Inilah duduk persoalan yang sebenarnya dari konflik Aswaja dan Salafi selama ini, yaitu buah dari adanya sikap intoleransi dalam beragama. Intoleransi dalam beragama memang sangat berbahaya. Karena disamping akan melahirkan gejolak sosial antara sesama umat Islam, intoleransi beragama juga sebenarnya merupakan pondasi bagi lahirnya faham radikalisme dan terorisme.
Solusi Konflik Aswaja dan Salafi di Aceh
Ada sebagian orang yang berpendapat bahwa konflik ini tidak akan mungkin bisa diselesaikan kecuali dengan melarang penyebaran faham Wahabi secara total di Aceh. Namun pendapat ini sepertinya perlu ditinjau ulang. Karena kita tidak bisa menutup mata bahwa para pengikut kelompok Salafi ataupun faham Wahabi di Aceh jumlahnya tidaklah sedikit. Jika hal ini dilakukan, dikhawatirkan akan semakin memperkeruh situasi.
Sebenarnya kelompok Aswaja dan Salafi bisa hidup secara berdampingan dengan harmonis jika masing-masing pihak bisa saling bertoleransi dan mengedepankan ukhuwah Islamiyah. Karena sejatinya, hal-hal yang selama ini diperselisihkan oleh kedua kelompok merupakan perkara-perkara cabang, bukan pokok perkara dalam Islam.
Pokok perkara didalam Islam adalah beriman bahwa Allah itu Maha Esa, Rabb penguasa alam semesta. Allah Maha Pengasih lagi Maha Penyayang, dan DIA adalah tempat bergantung segala sesuatu. Allah tidak beranak dan tidak pula diperanakkan. Hanya kepada-NYA kita menyembah, dan hanya kepada-NYA pula kita memohon pertolongan. Allah yang menguasai hari pembalasan, dan tiada sesuatu apapun yang serupa dengan-NYA.
Pokok perkara di dalam Islam adalah kita beriman kepada para malaikat, kitab-kitab, para nabi dan Rasul, Hari Akhir, serta Qadar baik dan buruk.
Pokok perkara di dalam Islam adalah mengucapkan dua kalimat syahadat, melaksanakan shalat 5 waktu sehari semalam, berpuasa di bulan Ramadhan, membayar zakat ketika sampai nisab, dan menunaikan ibadah haji bagi yang sudah mampu.

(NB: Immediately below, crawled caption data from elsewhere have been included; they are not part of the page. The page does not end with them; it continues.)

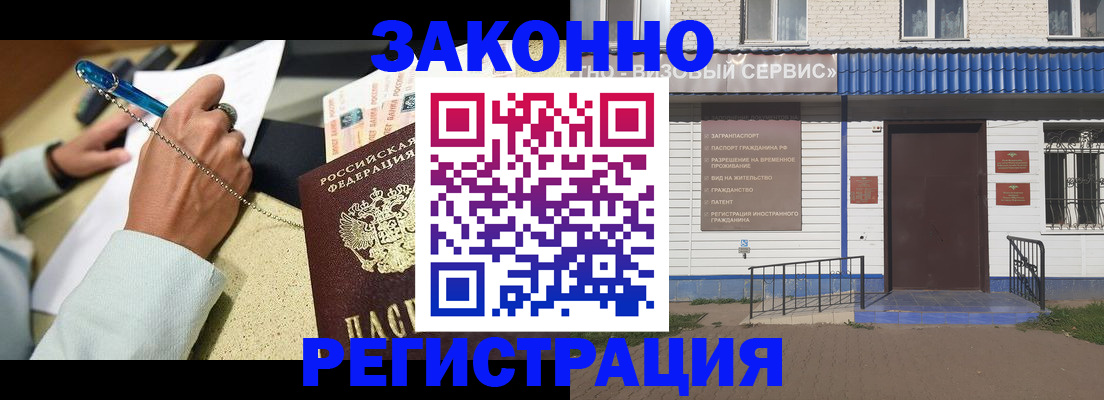 миграционный учет в Бурятии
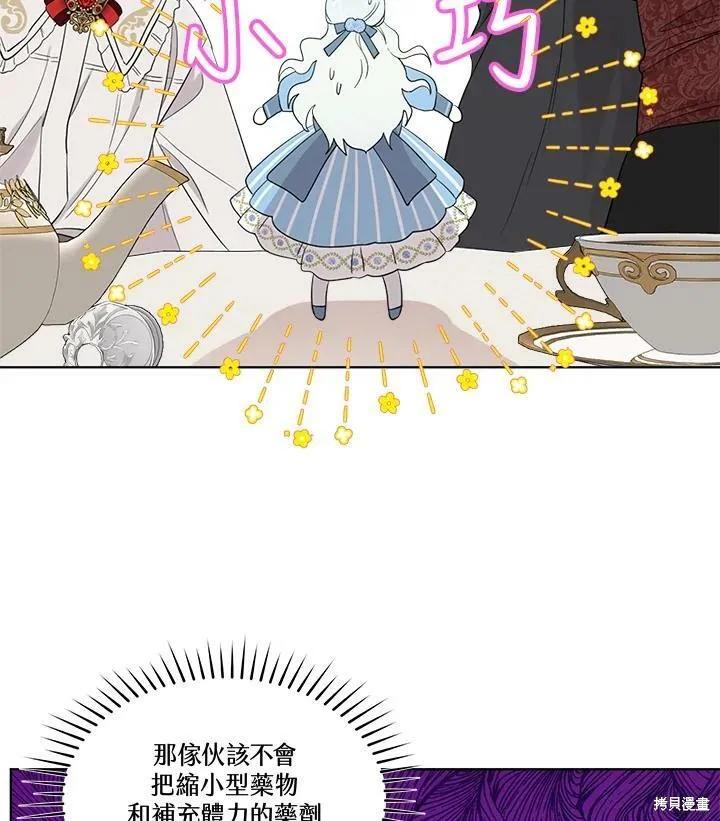 《成为男主的继母》第62话 第24页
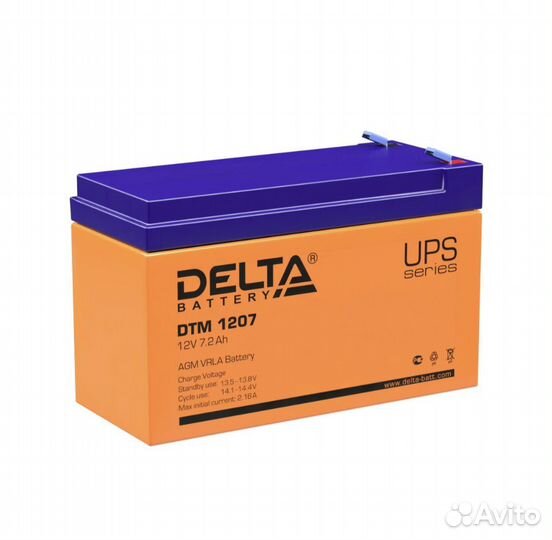 Аккумулятор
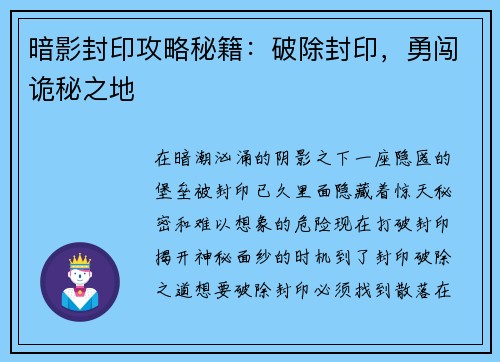 暗影封印攻略秘籍:破除封印,勇闯诡秘之地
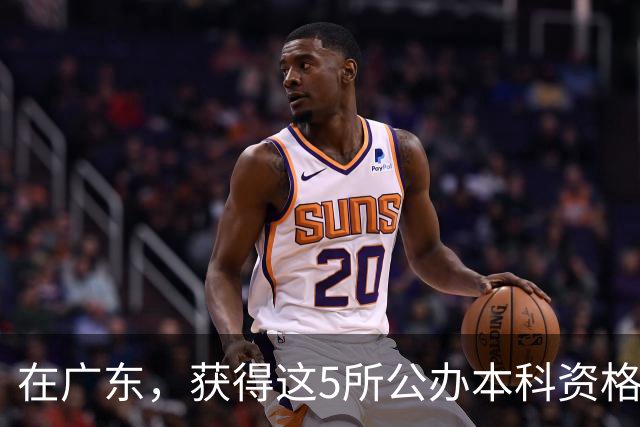 在广东，获得这5所公办本科资格的挑战与价值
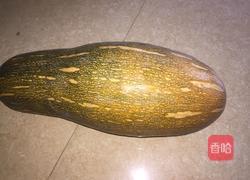 烤箱烤南瓜子的做法图解1
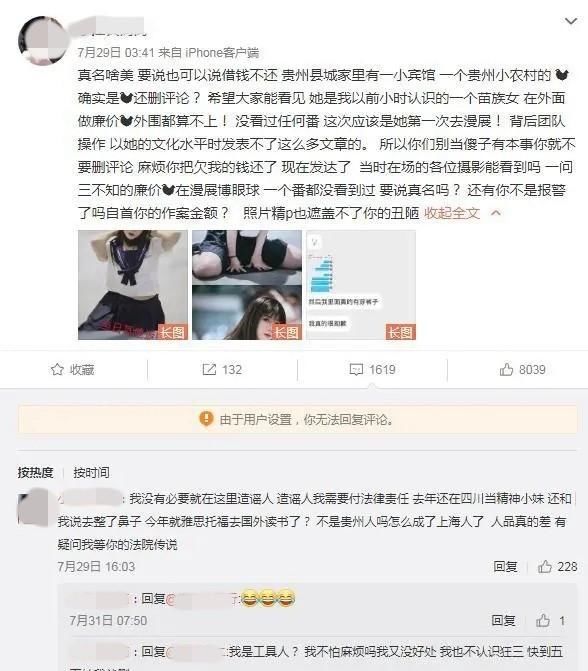  爆照|继15岁狂三被“爆照”后，吸了20万粉的JK少女被朋友爆出“黑料”
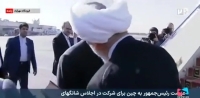 پزشکیان راهیِ چین شد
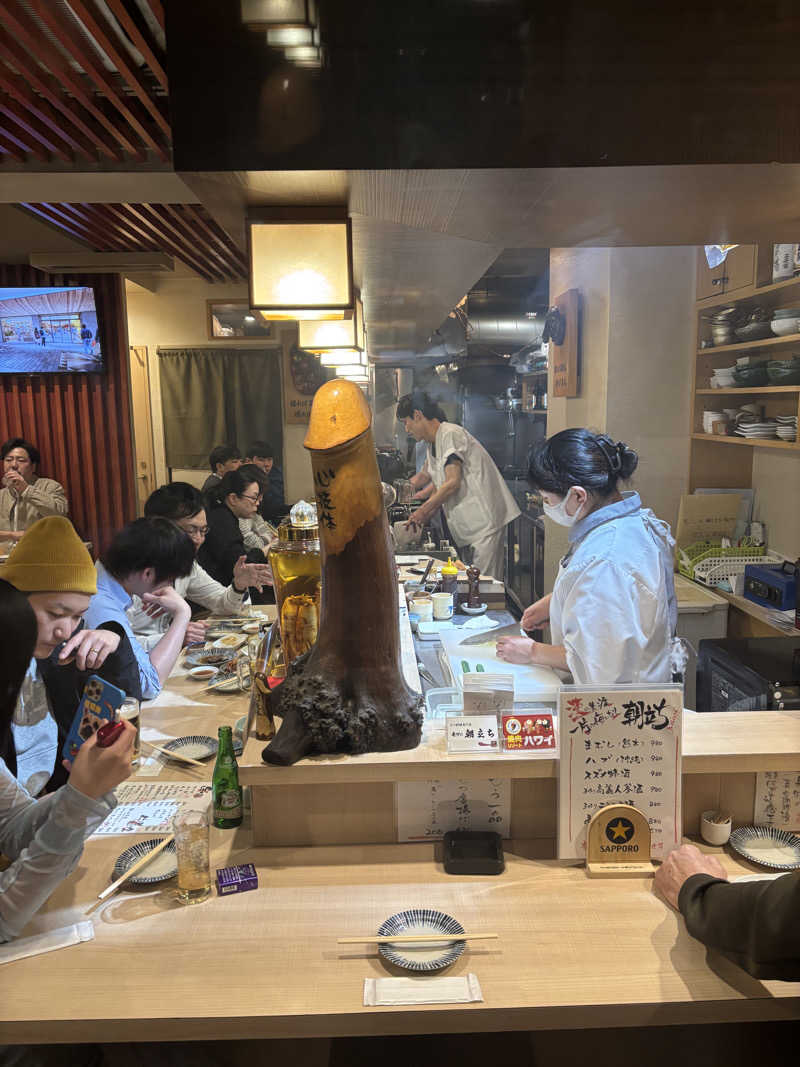 フロスキーさんの月見湯のサ活写真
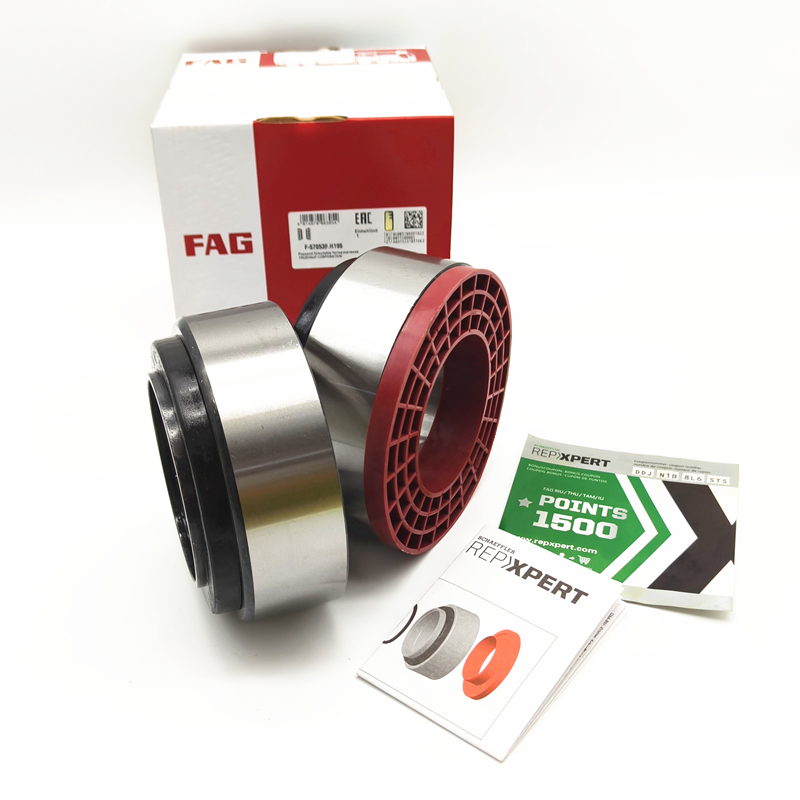 F-570530.H195 Wheel Hub Bearing for Truck 88*138*120mm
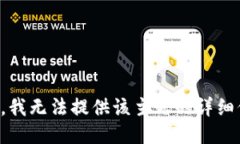 抱歉，我无法提供该主题的详细信息。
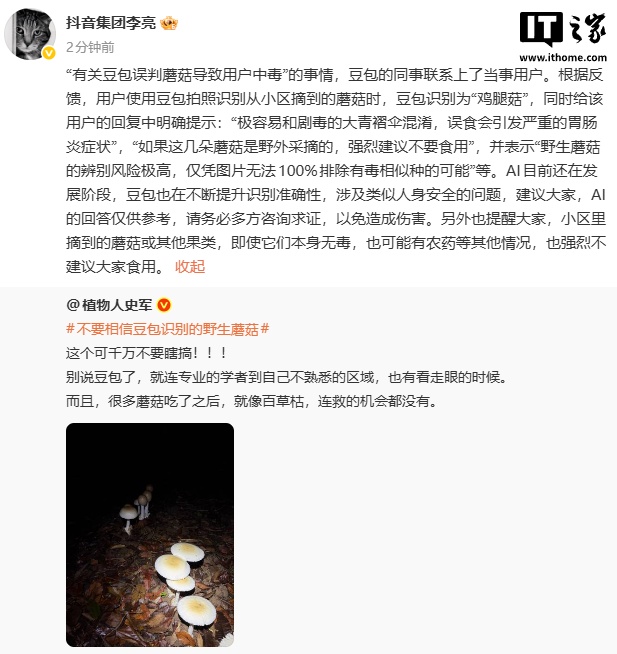 抖音副总裁李亮回应“豆包误判蘑菇导致用户中毒”：AI 的回答仅供参考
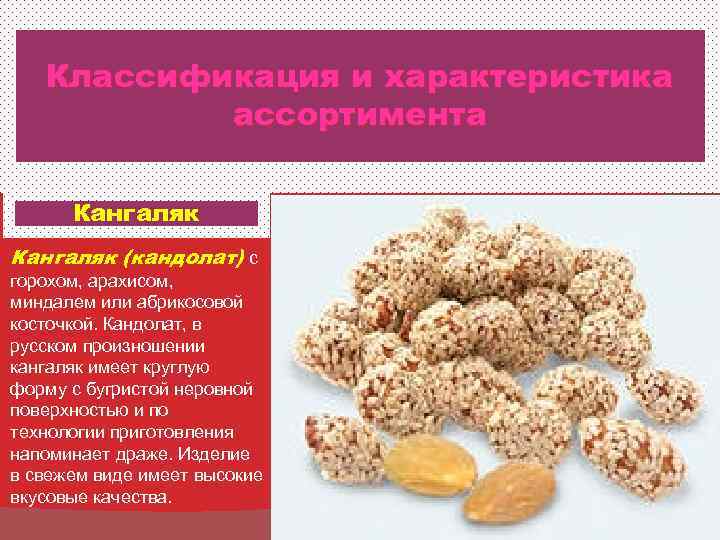   Классификация и характеристика  ассортимента  Кангаляк (кандолат) с горохом, арахисом, миндалем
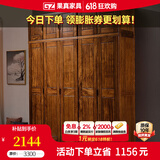 果真现代中式实木衣柜简约乌金木三门衣柜组合家用卧室储物衣橱 上风上水系列【四门顶柜】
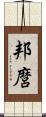 邦麿 Scroll
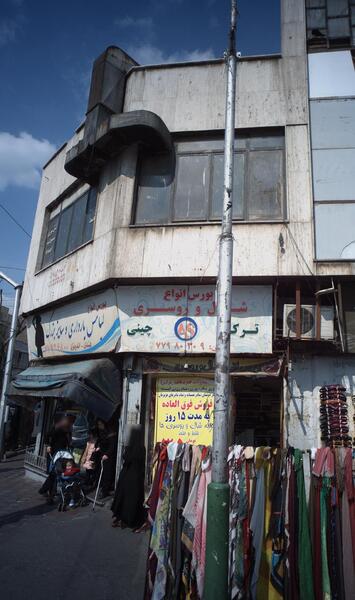 عکس بارداری چینی ها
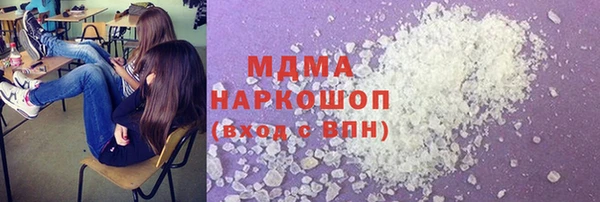 jwh Алзамай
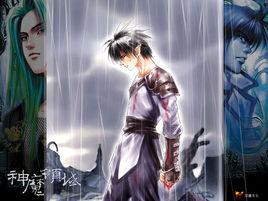 神魔領域 神魔領域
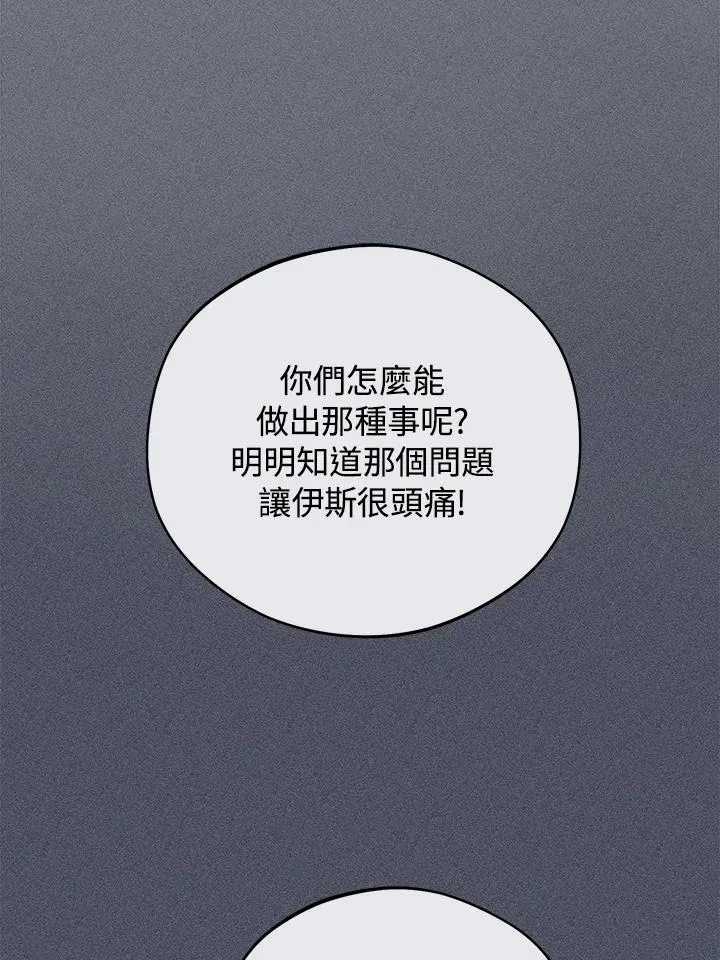 第17话93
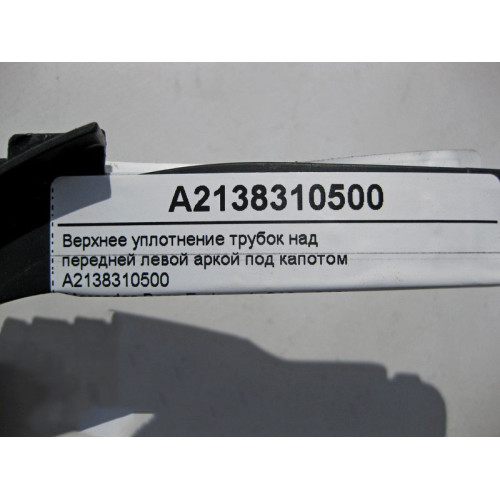 Mercedes-Benz A2138310500 Верхнее уплотнение трубок над передней левой аркой E-Class W213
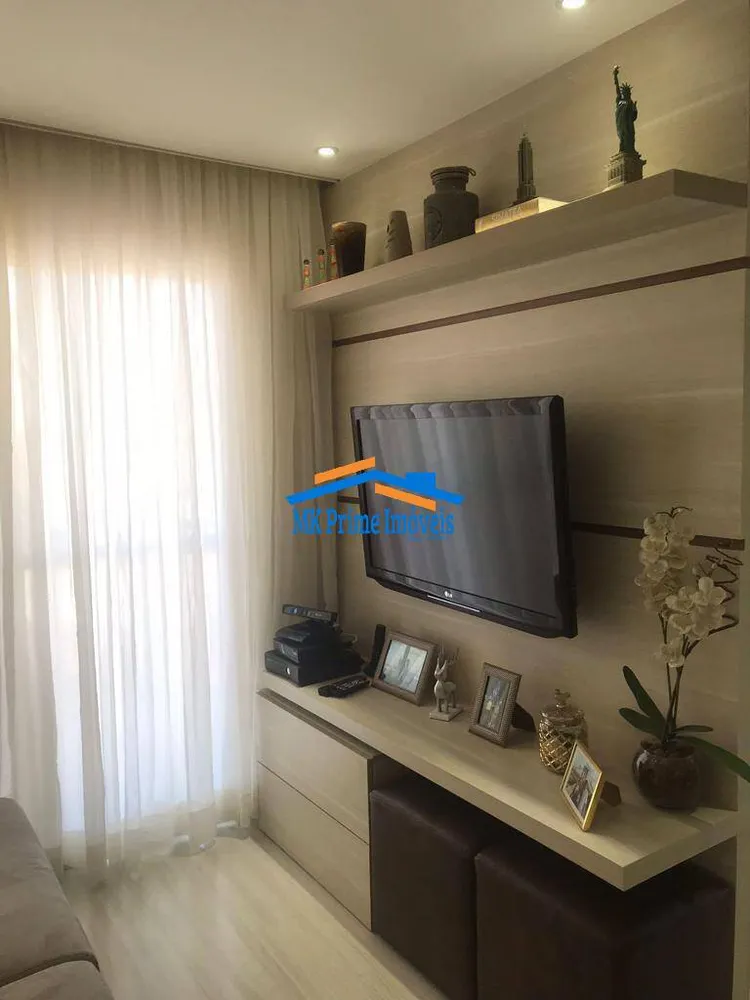 Apartamento, 2 quartos, 53 m² - Foto 1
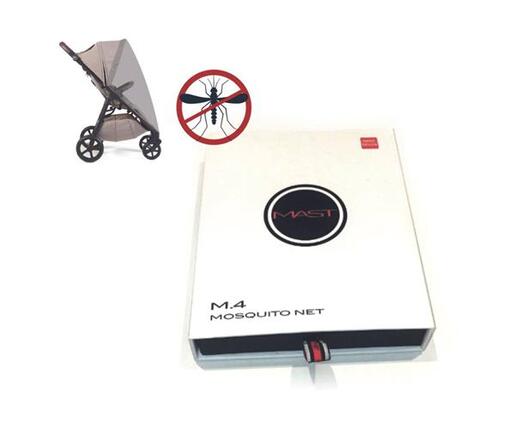 MAST zaštita protiv insekata M.5x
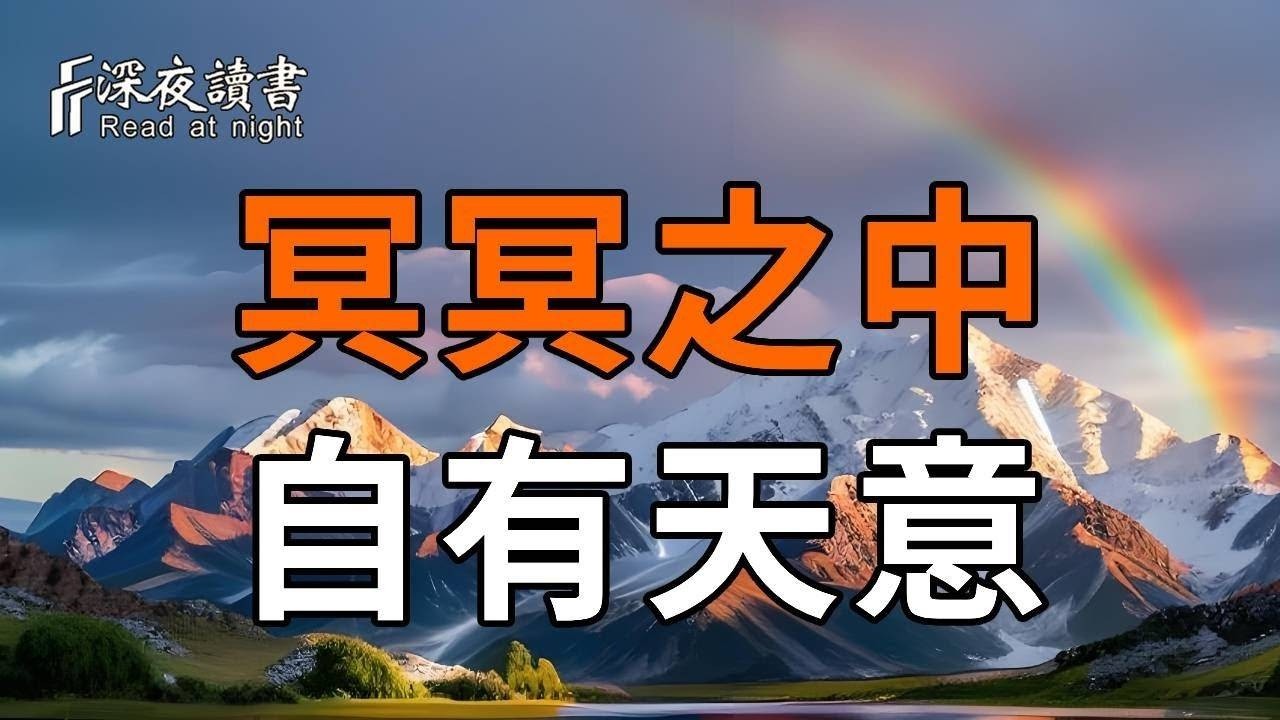弘一法師：冥冥之中自有天意，耐心點，美好都會如期而至！【深夜讀書】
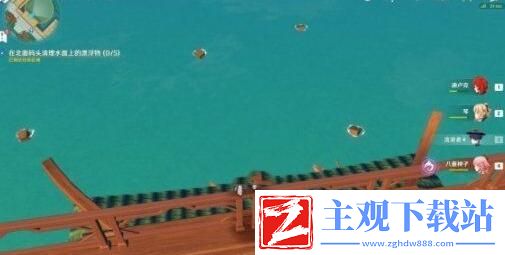 原神4.3海上拾玉世界任务如何完成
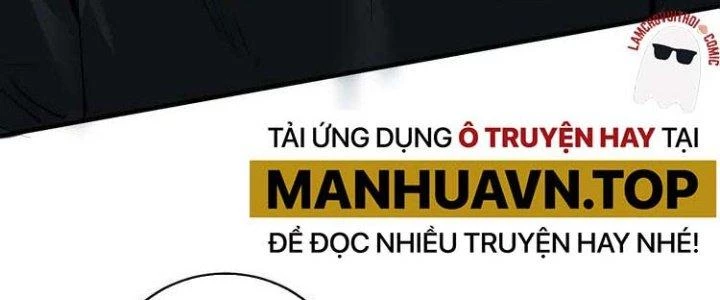 Thành Tựu Của Ta Rất Nhiều Chapter 40 - Trang 3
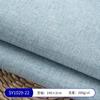 Stock del Fabricante Sy1029 Parte 1: Funda de Sofá, Funda de Almohada, Cojín, Tela para Decoración de Bolsos, Tela Rayada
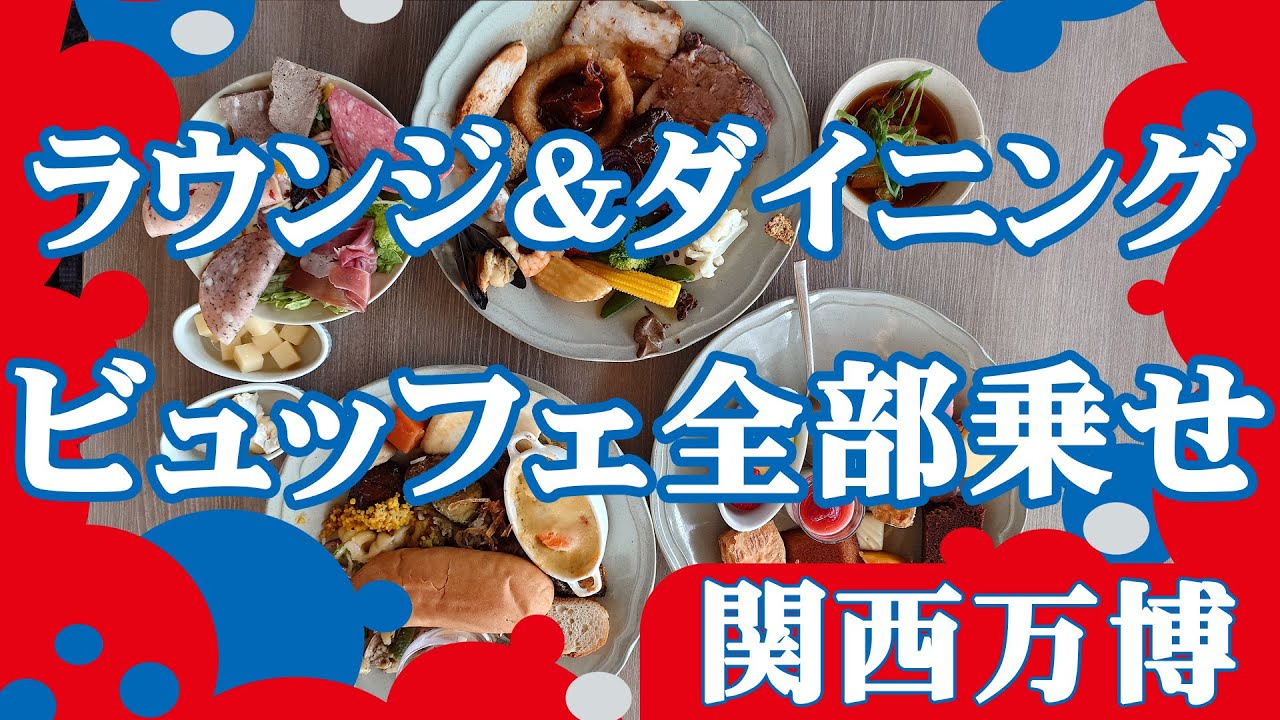 ラウンジ＆ダイニング【関西万博】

Pokok perkara di dalam Islam adalah kita meyakini bahwa Nabi Muhammad SAW merupakan nabi dan rasul terakhir yang diutus oleh Allah untuk membawa syariat yang akan menjadi rahmat bagi sekalian alam.
Seharusnya, selama pokok perkara kita sebagai umat Islam masih sama, maka persoalan-persoalan cabang yang diperselisihkan masih bisa diselesaikan melalui berbagai forum diskusi dan kajian. Terhadap Fir'aun yang sudah menghancurkan pokok perkara karena mengaku sebagai Tuhan saja, Allah SWT masih memerintahkan Nabi Musa dan Harun untuk mengingatkan Fir'aun dengan kata-kata yang lemah lembut.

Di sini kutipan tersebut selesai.